Clearly Wenger knows that Arsenal must be at their steely sharpest on Sunday. The fact that they played a second string against Red Star Belgrade, while City had to go almost full-strength in Naples, could play into Arsenal’s hands.

“That is the target,” said Wenger, who knows that his decisions can only be vindicated by success on Sunday. “The rotation policy is destined towards that. To get it right you need the right result, so it will be right if we have the right result tonight and the right result on Sunday.”

But how do Arsenal go about disrupting Manchester City? Wenger talked a good game about not being afraid to “accept the risk” of fighting fire with fire.

“Sometimes the best way to defend is to attack”, he said, “you have to accept the gamble and the risk as part of the game.” The reality is that Arsenal cannot hope to do what Napoli did: they are nowhere near as good as them physically or positionally.

Wenger insists he will meet fire with fire

So Wenger will have to find another way, some compromise between the Sarri press and the parked bus. And he can take some encouragement from the fact that he was, in fact, the last manager to beat City. Arsenal won the FA Cup semi-final at Wembley on 23 April, nicking an open, scrappy and surprisingly low-quality game in extra time. That was a very different City team: they had Claudio Bravo, Gael Clichy and Jesus Navas. And yet as an example to work from it is as good as it going to get for Arsenal.

“We tried to defend well, and not hide every time we had the ball because we went forward,” Wenger said.

“We had a balanced team as well, a team that could defend and one which was quick going forward every time we had the ball. We took over as well in the second half and it was decided after extra time. We had a good focus.”

Alexis was desperate to leave for City last summer 

Energy, attacking threat and focus, then, are the three items on the Wenger checklist.

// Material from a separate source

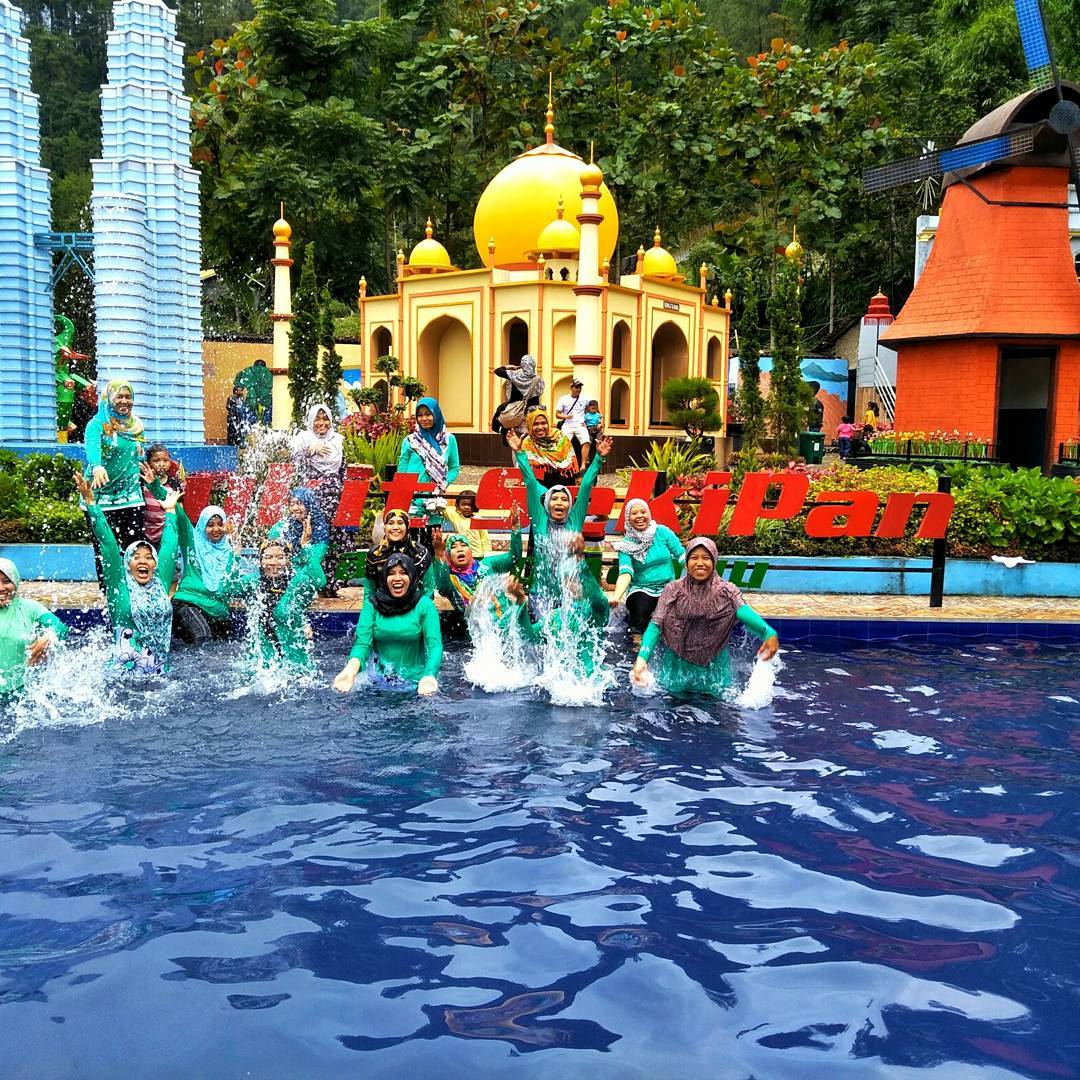 harga tiket masuk bukit sekipan tawangmangu harga tiket masuk bukit sekipan tawangmangu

And while Alexis Sanchez will provide buckets of the first two, can he be trusted to deliver the third?

Sanchez, as is well known, was desperate to move to Manchester City at the end of the summer transfer window. Arsenal had said all summer they would not sell him to City on principle, only for them to open to the door to doing so, before having to close it again when they failed to land Thomas Lemar. That day left Sanchez in limbo and now he is playing out the final months of his contract before his inevitable departure.

City could well come back in for Sanchez in January, knowing he would cost far less than £60million when he is just months away from being a free agent. But whatever happens down the line, Wenger’s faith in Sanchez’s self-motivation and drive has never diminished. As long as he is on a football pitch, he wants to win, no matter who he is playing for or against.

“I expect him to be motivated but that is always the case,” Wenger said. “One thing you cannot fault in Alexis Sanchez is his motivation. This guy, when he plays for Chile he plays with passion that is in South America. Same for Barcelona and Arsenal. He is happy when he is on the pitch and that is all he wants.”

Wenger no longer pretends that he thinks Sanchez will sign a new deal although he did deny Sanchez will be sold in the winter window. Arsenal still need him, in Wenger’s mind, more than City do.

But this Sunday Sanchez will be tasked with putting all that to one side and trying to deliver a result no one else thinks is possible.